Un retard considérable a été pris dans la publication du décret relatif à la mise en place de l'EPIC Campus France en raison d'un désaccord persistant entre les deux ministères de tutelle, les affaires étrangères et l'enseignement supérieur et la recherche, sur le modèle économique de l'opérateur. Le transfert d'ETP du réseau des oeuvres universitaires vers le nouvel EPIC et la perte, pour le Cnous, d'une activité excédentaire liée à la gestion des bourses des gouvernements étrangers cristallisent en réalité les tensions.

Compte tenu de la diminution de ses subventions publiques au cours de ces deux dernières années, le réseau des Cnous et des Crous rechigne à transférer une partie de ses ETP à une nouvelle structure, quand bien même la loi lui en fait obligation en vue de simplifier notre système national de gestion des boursiers étrangers. Le ministère des affaires étrangères fait valoir qu'une sous dotation en personnel pour la gestion de ces bourses condamnerait l'EPIC au déficit, donc à l'échec.

Le dossier a été transmis à Matignon à qui il reviendra de trancher. Notre pays ne peut se permettre d'attendre plus longtemps la mise en place d'instruments opérationnels au service de l'attractivité de notre système d'enseignement supérieur. Je n'ai pas manqué de rappeler à M. Wauquiez, lors de sa récente audition, que la France a été rétrogradée au quatrième rang mondial pour l'accueil des étudiants étrangers, dépassée par l'Australie qui conduit désormais une politique offensive auprès des étudiants étrangers, en assouplissant ses conditions d'octroi de visas. Sujet ô combien d'actualité...

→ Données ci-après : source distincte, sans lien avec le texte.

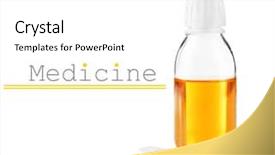  Presentation with syrup drugs - Cool new PPT theme with cough syrup isolated on white backdrop and a  colored foreground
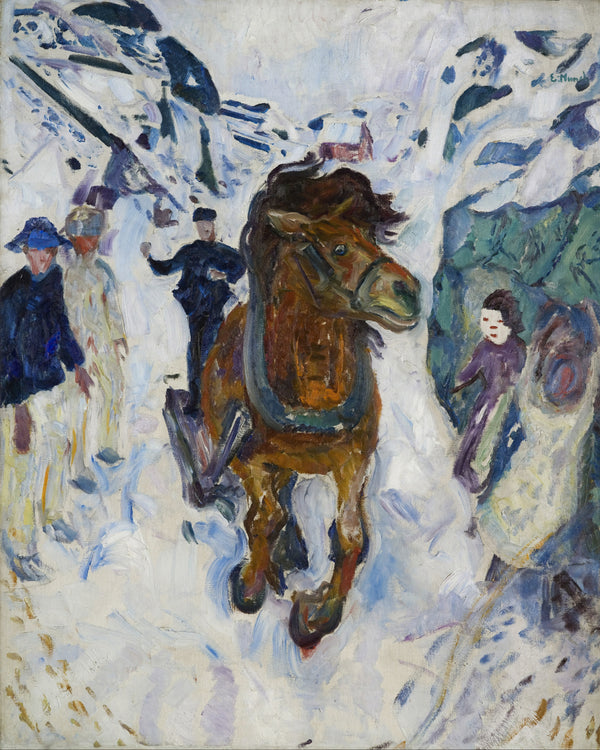 Galopperend paard, Edvard Munch, kunstdruk van willem.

Compte tenu de la bonne résistance des crédits de notre action culturelle extérieure dans un contexte particulièrement contraint, je vous propose de donner un avis favorable à l'adoption des crédits du programme 185 au sein de la mission « Action extérieure de l'État ». Enfin, la commission des finances s'en est remise à la sagesse du Sénat sur cette mission.